Sunday, June 15, 2014

Thought He Was On Sacred Ground

There were two winners during this weekends US Open at Pinehurst.  Out of 155 golfers who teed it up on Thursday only two were able to break par which is exactly what the USGA wanted when they allowed Pinehurst to dig up the modern golf course  it had become and replace it with the 1905 course it use to be.  The USGA got exactly what they wanted except for one thing 156 players teed up on Thursday.

Martin Kaymer won the US Open by mercy rule if they  were playing baseball.  It was over by the 7th inning.  Everyone that played this weekend all of them hit plenty of what they thought were good shots only to watch their balls trickle through the green or land on the green and roll off the front.

Kaymer had some of those too but he was the only one that seemed to make the right decision every time.  He took an unplayable lie while his ball laid piled up against pine straw that rains  had created on Saturday .  Even coming down 18 ahead what seemed like 20 shots instead of becoming a macho man and trying to power on the green from 150 yards in front of a full house of people and a national TV audience he chose to chip out of the wire grass bush that was in his way and hit the shot about 20 yards.

My son Brooks who has coached a national champion Tri Athlon athlete preaches all the time your mind and your body need to be in sync.  There is no doubt  Kaymer had all his game together this weekend and nobody else did.  About five o'clock Johnny Miller made a comment when the Sunday round was beginning to look like a rout that the young guns needed to make a charge and none did.

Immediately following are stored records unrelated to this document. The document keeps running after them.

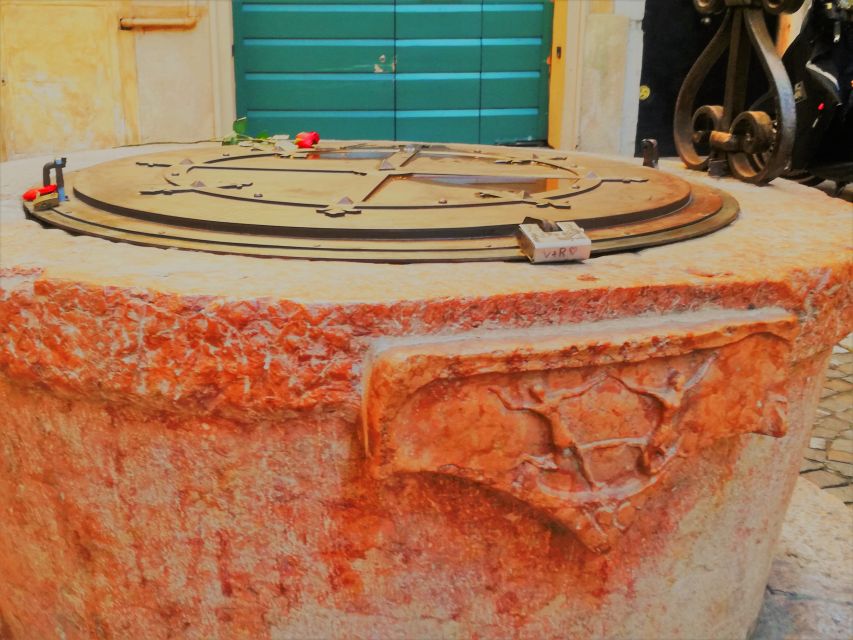 Verona: History and Hidden Gems Guided Walking Tour - Piazza delle Erbe: the market square, not just the postcard fountain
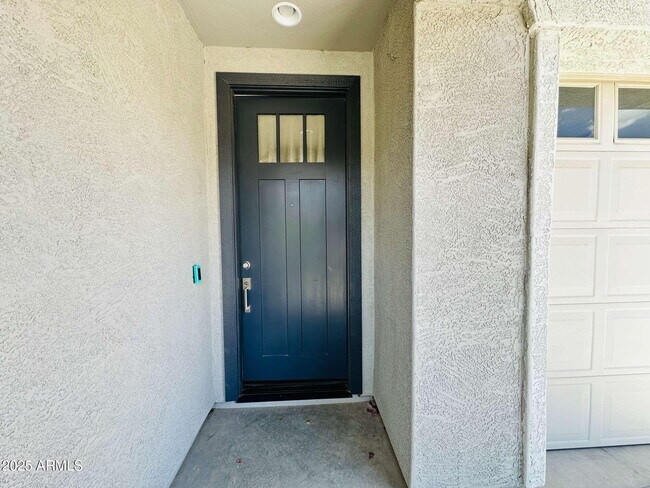 Foto del edificio - 2460 E Athena Ave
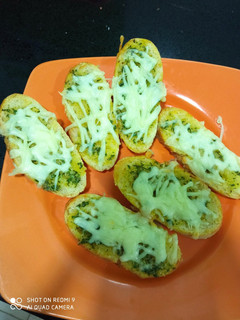 Una foto de Pan de ajo con queso mozzarella 😋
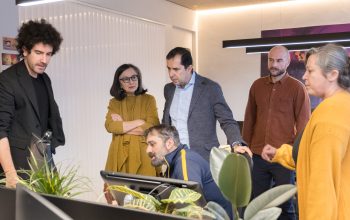 Chelo Loureiro en una reunión con la Xunta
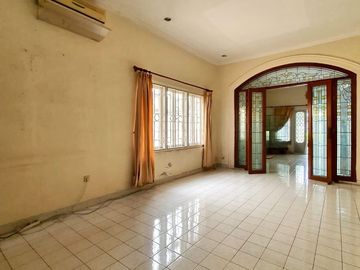 RUMAH SANGAT MENARIK at Jl CIKINI / MENTENG (ZONA KOMERSIAL)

If you were like me and whether I watched it live or on tape I saw just about every minute of  golf at some point this weekend the second winner this weekend was Erik Compton.  I had never heard of him before Friday but I think everyone that heard his story pulled hard for him Sunday.

A nine year old is told he has Viral Cardio Myopathy and by the age of 12 had his first heart transplant Fifteen years later feeling discomfort  which he understood he was having a heart  attack and another six month another transplant.

How lucky can this guy be?  There are people who stay on transplant list for years many die before a match can be found.  By the age of 28 he has had two.  After playing golf at Georgia he spent from 2001 until 2012 playing on any tour he could get on.  Canadian, Hooters any place he could get permission to play until he won his PGA card in 2012.

If you were still watching by the time he hit his second shot on the green at 18 he almost came to tears when he realized as he began that walk in front of 20,00 or more circling the 18th green that he was playing his greatest golf  and this was what he had lived his life for this moment.

Tying Ricky Fowler as the only two of the 155 to break par when interviewed by TV afterwards about what he thought PineHurst Number 2  was.  "He said I thought I was on sacred ground".  After all he been through he thought he was in Heaven.